**ENTRIES SHOWN**.
____

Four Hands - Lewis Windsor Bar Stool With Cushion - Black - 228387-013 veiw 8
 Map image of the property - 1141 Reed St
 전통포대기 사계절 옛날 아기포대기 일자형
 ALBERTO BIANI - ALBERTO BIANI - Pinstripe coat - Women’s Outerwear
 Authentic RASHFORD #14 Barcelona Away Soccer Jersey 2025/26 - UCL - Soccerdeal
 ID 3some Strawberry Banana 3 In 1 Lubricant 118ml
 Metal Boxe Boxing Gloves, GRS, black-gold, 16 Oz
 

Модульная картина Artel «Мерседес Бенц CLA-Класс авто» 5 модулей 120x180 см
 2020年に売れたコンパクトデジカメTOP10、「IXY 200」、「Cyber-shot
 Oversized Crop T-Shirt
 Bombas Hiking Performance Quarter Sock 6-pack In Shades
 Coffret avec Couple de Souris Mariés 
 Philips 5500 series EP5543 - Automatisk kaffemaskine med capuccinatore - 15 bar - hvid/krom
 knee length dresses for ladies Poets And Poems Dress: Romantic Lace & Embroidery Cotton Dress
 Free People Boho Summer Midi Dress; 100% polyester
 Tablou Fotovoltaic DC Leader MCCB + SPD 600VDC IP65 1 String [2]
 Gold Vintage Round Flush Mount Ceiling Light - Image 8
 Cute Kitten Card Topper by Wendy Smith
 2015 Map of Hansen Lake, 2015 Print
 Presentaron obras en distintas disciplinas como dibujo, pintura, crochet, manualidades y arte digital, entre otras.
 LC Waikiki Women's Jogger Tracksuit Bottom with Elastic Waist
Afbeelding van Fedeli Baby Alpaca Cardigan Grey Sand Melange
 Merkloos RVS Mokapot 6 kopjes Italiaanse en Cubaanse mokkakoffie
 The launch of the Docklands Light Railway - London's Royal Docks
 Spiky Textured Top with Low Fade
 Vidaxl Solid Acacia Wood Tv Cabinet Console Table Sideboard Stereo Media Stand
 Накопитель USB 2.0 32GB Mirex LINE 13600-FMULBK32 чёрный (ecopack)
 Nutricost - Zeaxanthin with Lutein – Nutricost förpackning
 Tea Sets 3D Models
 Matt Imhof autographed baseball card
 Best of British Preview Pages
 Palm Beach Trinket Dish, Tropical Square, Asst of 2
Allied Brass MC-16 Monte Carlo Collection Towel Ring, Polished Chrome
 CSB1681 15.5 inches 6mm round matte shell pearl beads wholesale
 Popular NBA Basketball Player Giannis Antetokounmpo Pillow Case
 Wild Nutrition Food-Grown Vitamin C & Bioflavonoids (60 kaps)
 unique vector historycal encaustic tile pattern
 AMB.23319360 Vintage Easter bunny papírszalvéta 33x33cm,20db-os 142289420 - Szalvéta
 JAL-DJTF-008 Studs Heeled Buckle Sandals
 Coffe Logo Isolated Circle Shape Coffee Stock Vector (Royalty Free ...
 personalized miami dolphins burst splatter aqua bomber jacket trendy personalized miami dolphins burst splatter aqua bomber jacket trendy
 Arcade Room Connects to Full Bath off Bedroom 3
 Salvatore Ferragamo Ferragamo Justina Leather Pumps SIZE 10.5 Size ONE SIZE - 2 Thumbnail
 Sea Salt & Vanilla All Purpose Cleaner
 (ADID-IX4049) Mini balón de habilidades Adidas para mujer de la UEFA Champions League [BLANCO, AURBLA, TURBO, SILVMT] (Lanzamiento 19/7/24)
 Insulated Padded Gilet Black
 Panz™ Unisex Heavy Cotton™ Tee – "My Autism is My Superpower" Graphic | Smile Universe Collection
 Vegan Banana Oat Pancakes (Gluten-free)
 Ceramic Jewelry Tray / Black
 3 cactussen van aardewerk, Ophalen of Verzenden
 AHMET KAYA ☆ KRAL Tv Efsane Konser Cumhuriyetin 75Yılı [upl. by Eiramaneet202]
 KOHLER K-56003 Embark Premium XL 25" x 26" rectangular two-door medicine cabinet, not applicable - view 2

____

Nothing but the lines from the start of the data through the line holding "Matt Imhof autographed baseball card" should be restated, and each one exactly.

Four Hands - Lewis Windsor Bar Stool With Cushion - Black - 228387-013 veiw 8
 Map image of the property - 1141 Reed St
 전통포대기 사계절 옛날 아기포대기 일자형
 ALBERTO BIANI - ALBERTO BIANI - Pinstripe coat - Women’s Outerwear
 Authentic RASHFORD #14 Barcelona Away Soccer Jersey 2025/26 - UCL - Soccerdeal
 ID 3some Strawberry Banana 3 In 1 Lubricant 118ml
 Metal Boxe Boxing Gloves, GRS, black-gold, 16 Oz
 

Модульная картина Artel «Мерседес Бенц CLA-Класс авто» 5 модулей 120x180 см
 2020年に売れたコンパクトデジカメTOP10、「IXY 200」、「Cyber-shot
 Oversized Crop T-Shirt
 Bombas Hiking Performance Quarter Sock 6-pack In Shades
 Coffret avec Couple de Souris Mariés 
 Philips 5500 series EP5543 - Automatisk kaffemaskine med capuccinatore - 15 bar - hvid/krom
 knee length dresses for ladies Poets And Poems Dress: Romantic Lace & Embroidery Cotton Dress
 Free People Boho Summer Midi Dress; 100% polyester
 Tablou Fotovoltaic DC Leader MCCB + SPD 600VDC IP65 1 String [2]
 Gold Vintage Round Flush Mount Ceiling Light - Image 8
 Cute Kitten Card Topper by Wendy Smith
 2015 Map of Hansen Lake, 2015 Print
 Presentaron obras en distintas disciplinas como dibujo, pintura, crochet, manualidades y arte digital, entre otras.
 LC Waikiki Women's Jogger Tracksuit Bottom with Elastic Waist
Afbeelding van Fedeli Baby Alpaca Cardigan Grey Sand Melange
 Merkloos RVS Mokapot 6 kopjes Italiaanse en Cubaanse mokkakoffie
 The launch of the Docklands Light Railway - London's Royal Docks
 Spiky Textured Top with Low Fade
 Vidaxl Solid Acacia Wood Tv Cabinet Console Table Sideboard Stereo Media Stand
 Накопитель USB 2.0 32GB Mirex LINE 13600-FMULBK32 чёрный (ecopack)
 Nutricost - Zeaxanthin with Lutein – Nutricost förpackning
 Tea Sets 3D Models
 Matt Imhof autographed baseball card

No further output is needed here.